Boiling isn't necessary with flaked grain as the flaking process does the gelatinising for you.

tdh


----------



## etbandit (28/5/07)

tdh said:


> Boiling isn't necessary with flaked grain as the flaking process does the gelatinising for you.



TDH,

Is quick or instant oats like uncle toby's the same as flaked oats?

cheers.


----------



## Ross (28/5/07)

etbandit said:


> TDH,
> 
> Is quick or instant oats like uncle toby's the same as flaked oats?
> 
> cheers.



Yes  

cheers Ross


----------



## Darren (28/5/07)

I was always under the impression Uncle Tobys etc cereals had added salt.

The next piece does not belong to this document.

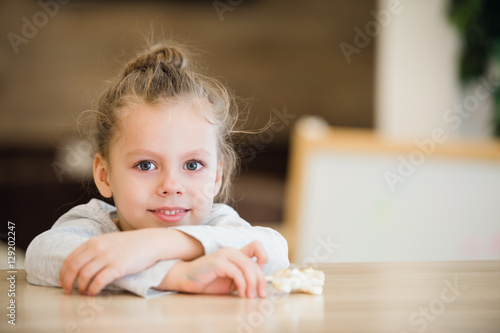 Beautiful calm little girl sitting at wooden table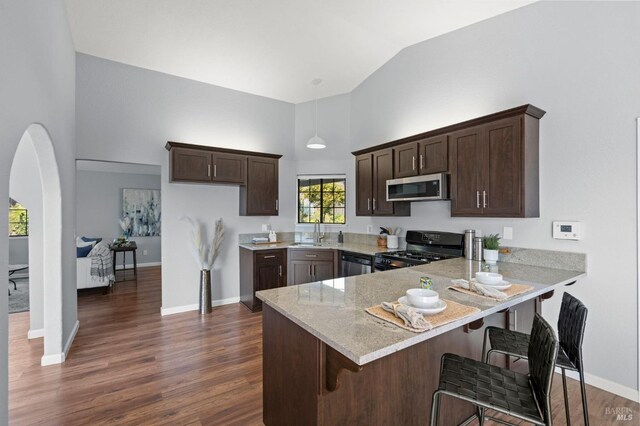kitchen with dark brown cabinetry, appliances with stainless steel finishes, a sink, high vaulted ceiling, and a peninsula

I would get your flaked oats from a health food store or similar.

cheers

Darren


----------



## razz (28/5/07)

I always add a box of Uncle Toby's to my stouts and they taste just fine.


----------



## reVoxAHB (28/5/07)

Darren said:


> I would get your flaked oats from a health food store or similar.
> 
> cheers
> 
> Darren



Yep. I get my flaked oats from the health food store. Used 'em in many a stout and they work a treat. Heath food store is the G O.


----------



## Josh (28/5/07)

I use Home Brand Rolled Oats. Boiled up in a pot for a few minutes then added to the mash.


----------



## pint of lager (28/5/07)

Check this link out from the library of brewery.org

There is an excellent range of brewing articles in the library.

Anyone who hasn't visited this site will find a wealth of information. This link as well as many others are listed in the links section on ahb.


----------



## domonsura (28/5/07)

I used coles brand quick oats, the resulting beer was pretty good. didn't bother cooking them first, there was only 400gms in 11kg of malt.


----------